- DATA SHOWN
====================
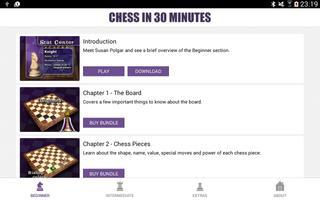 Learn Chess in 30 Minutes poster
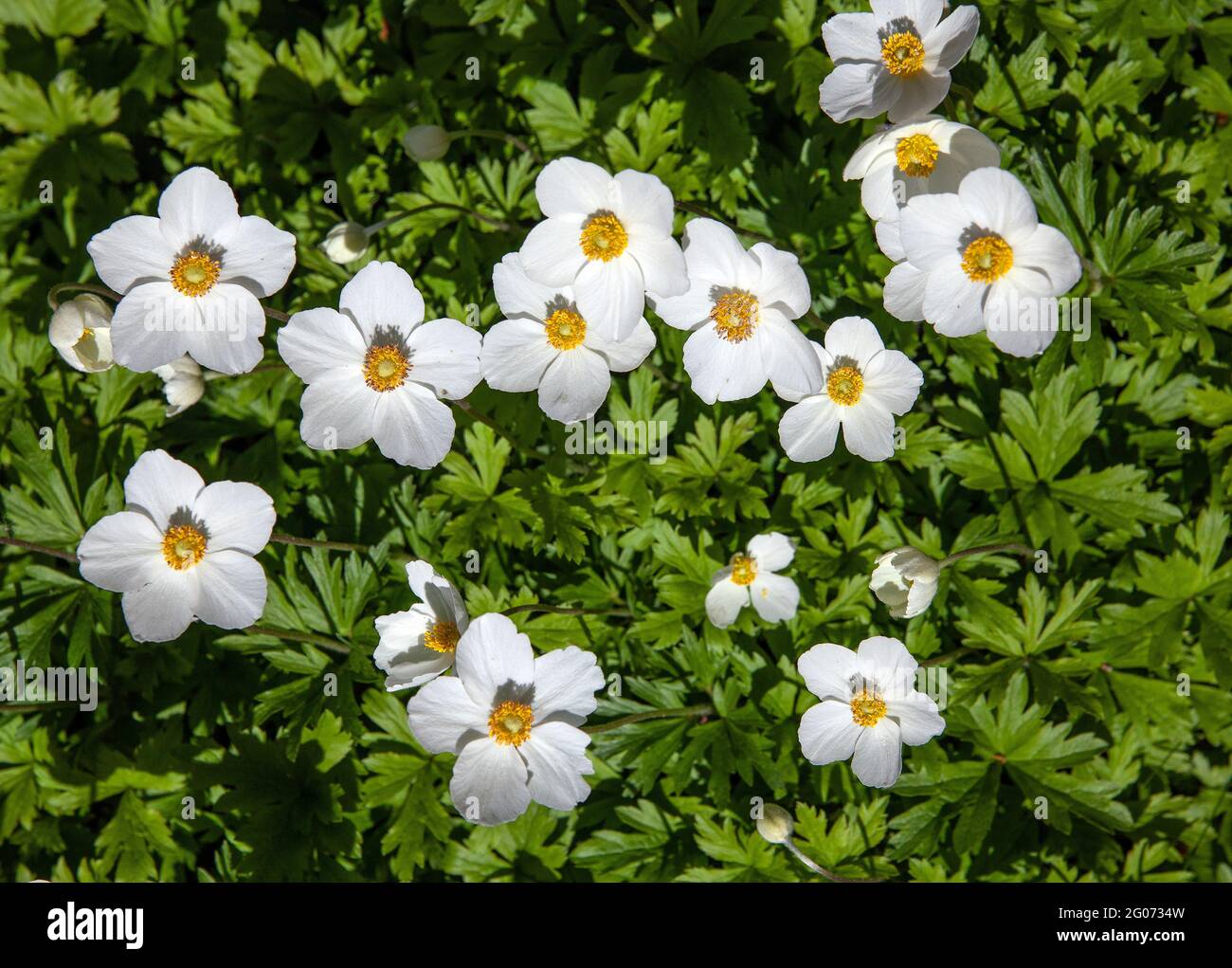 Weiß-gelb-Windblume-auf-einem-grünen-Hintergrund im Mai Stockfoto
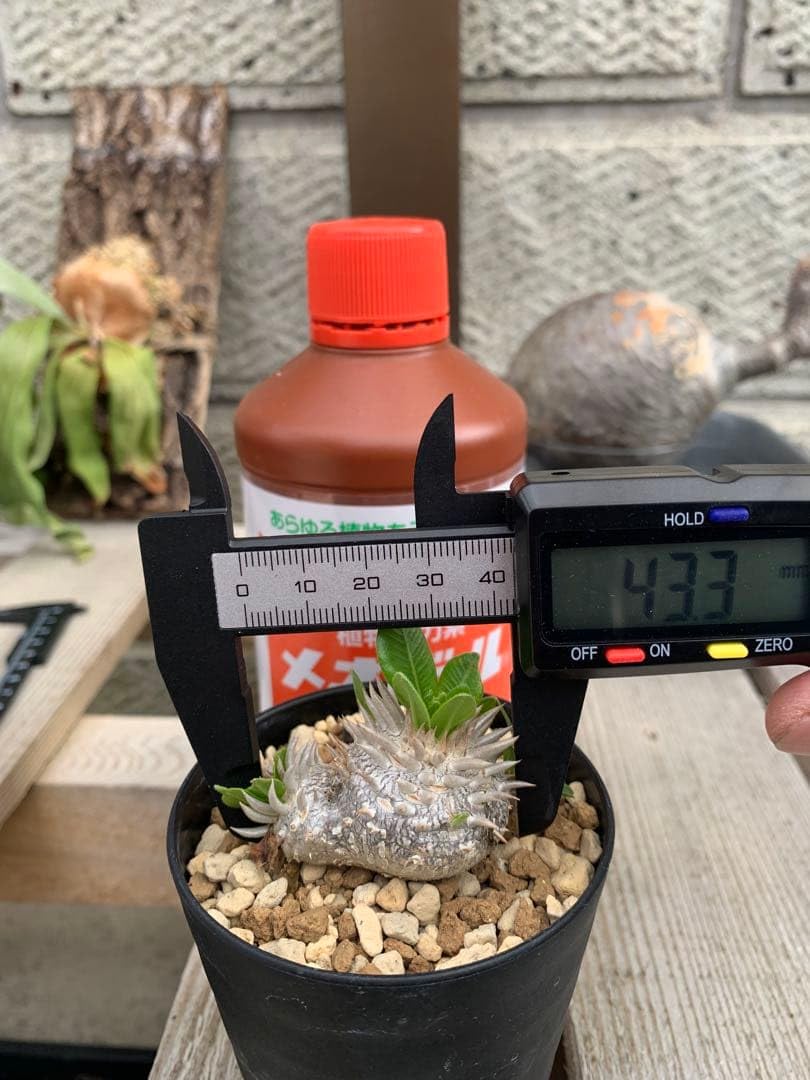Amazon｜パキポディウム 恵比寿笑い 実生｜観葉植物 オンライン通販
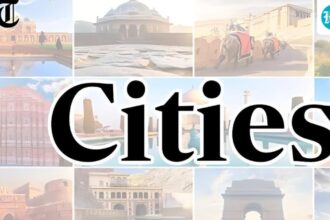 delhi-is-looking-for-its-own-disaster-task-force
====================
- AIM OF THE EXERCISE
Repeat each line above exactly as it reads, omitting any pictures.

- RESULT FOR THIS TASK
 Learn Chess in 30 Minutes poster
 Weiß-gelb-Windblume-auf-einem-grünen-Hintergrund im Mai Stockfoto
Amazon｜パキポディウム 恵比寿笑い 実生｜観葉植物 オンライン通販
 delhi-is-looking-for-its-own-disaster-task-force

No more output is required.